A review by cassidyserhienko
Catch and Kill: Lies, Spies, and a Conspiracy to Protect Predators by Ronan Farrow

5.0

This book is essential reading. Even if you closely followed the Harvey Weinstein story as it broke and Ronan Farrow’s own reporting you do not know the whole story. Catch and Kill is at once enraging, sad, and inspiring. Enraging and sad because of the viciousness and entitlement of men like Weinstein and Lauer, the culture of silence they created, and the apathy or dismissal from those who allowed or helped it happen. Inspiring because of the courage, resilience, and compassion of women, the support of their families and partners, and the dedication of reporters like Farrow who tread on despite the immense roadblocks placed in their path by predators and the ones who cover for them.

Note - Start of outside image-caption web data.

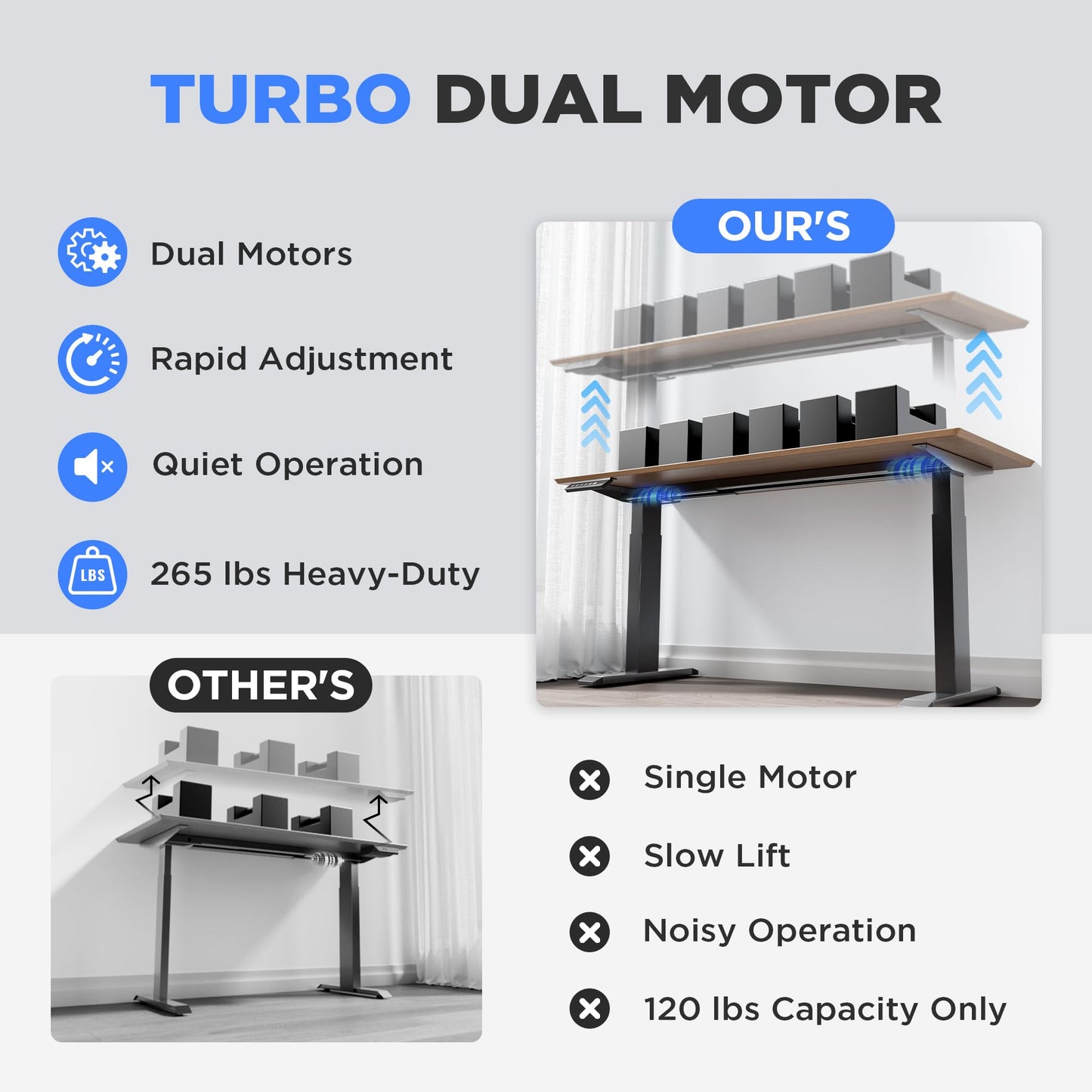 ZTTEN Dual Motor Electric Standing Desk Frame - 300 lbs Heavy Duty, 3 Memory Height Presets - Sit Stand Desk Frame, Computer Height Adjustable Desk Legs & Base for 43.3"-63" Desktop, Black Frame Only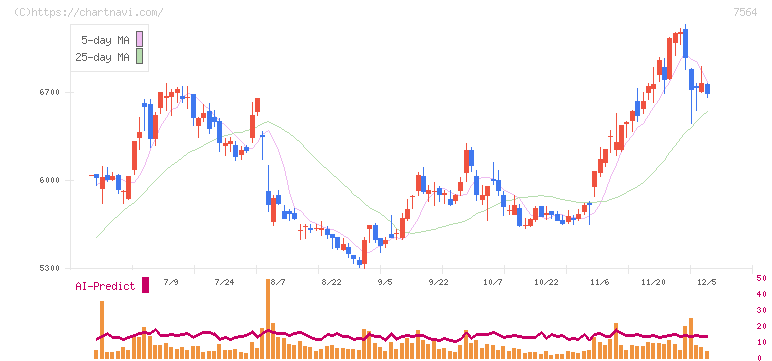 ワークマン(7564)の日足チャート
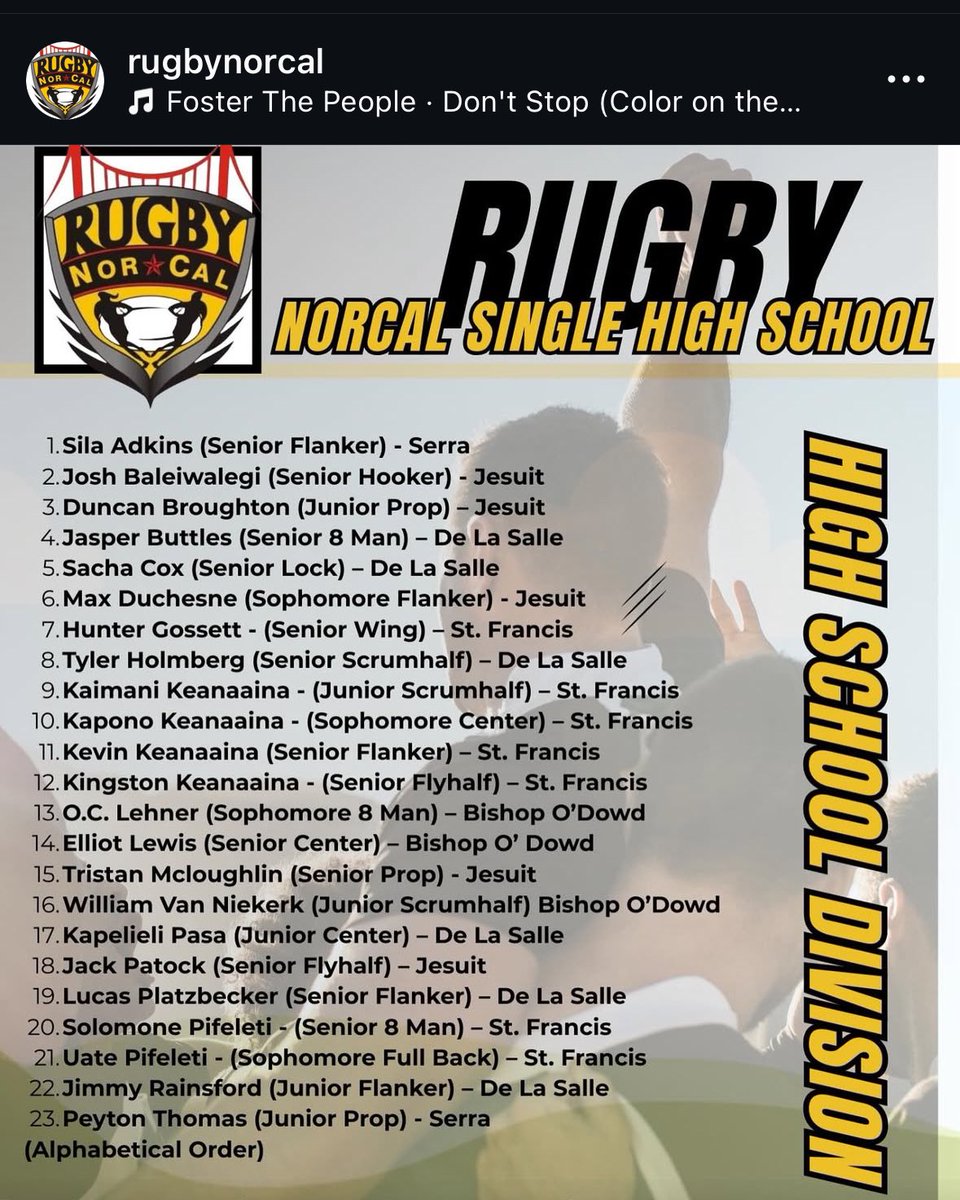 Peyton Thomas (@thomaspeyton72) on Twitter photo After a fun season of Serra rugby I am honored to be selected for first team NorCal single school Rugby. Thank you to all my amazing coaches and teammates for a great season.
No. 23
<a href="/SilasAdkins123/">Silas Adkins</a> <a href="/WCALSports/">WCALSports</a> <a href="/RugbyNorCal/">Rugby NorCal</a> <a href="/coachmons/">Coachmons</a> After a fun season of Serra rugby I am honored to be selected for first team NorCal single school Rugby. Thank you to all my amazing coaches and teammates for a great season.
No. 23
<a href="/SilasAdkins123/">Silas Adkins</a> <a href="/WCALSports/">WCALSports</a> <a href="/RugbyNorCal/">Rugby NorCal</a> <a href="/coachmons/">Coachmons</a>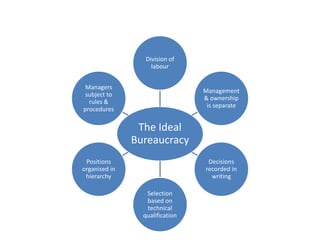 Division of
labour
Managers
subject to
rules &
procedures

Management
& ownership
is separate

The Ideal
Bureaucracy
Positions
organised in
hierarchy

Decisions
recorded in
writing
Selection
based on
technical
qualification

 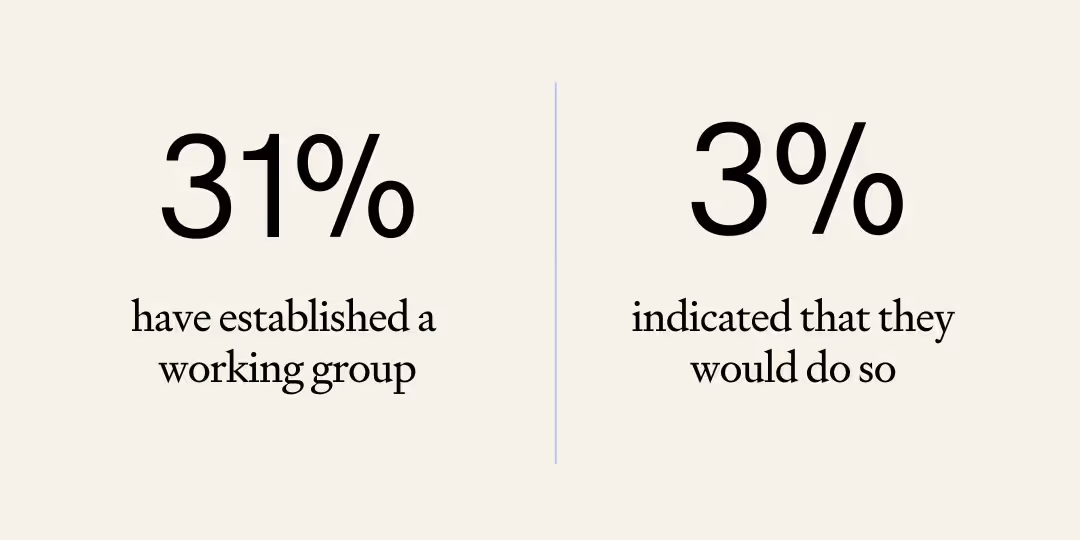 31% of companies have established a working group on modern slavery, while only 3% indicated they plan to do so.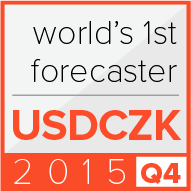 USDCZK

They aren’t lying when they say that Catch and Kill reads like a spy novel. For the majority of us who do not live in a world where private investigators are hired to follow, intimidate, and manipulate our supposed enemies, the measures that Weinstein and those around him went to to protect decades of systematic predation and abuse is shocking and alarming. Farrow does not need to be a master storyteller to keep you riveted and invested, though he is. He knows exactly how to interject his own voice, humour, struggles, and concerns and then fade away to let the women he worked with tell their own stories and claim their own space.

It would be hard to describe this book as hopeful, even though it ends with the exposure and downfall of criminals and predators. Catch and Kill exposes how power and access often allow corruption to build and build and build until it seems colossal and untouchable. But it also shows how the voices of women, helped by a reporter like Farrow, can break it until it all comes crumbling down.

“In the end, the courage of women can’t be stamped out. And stories — the big ones, the true ones — can be caught but never killed.”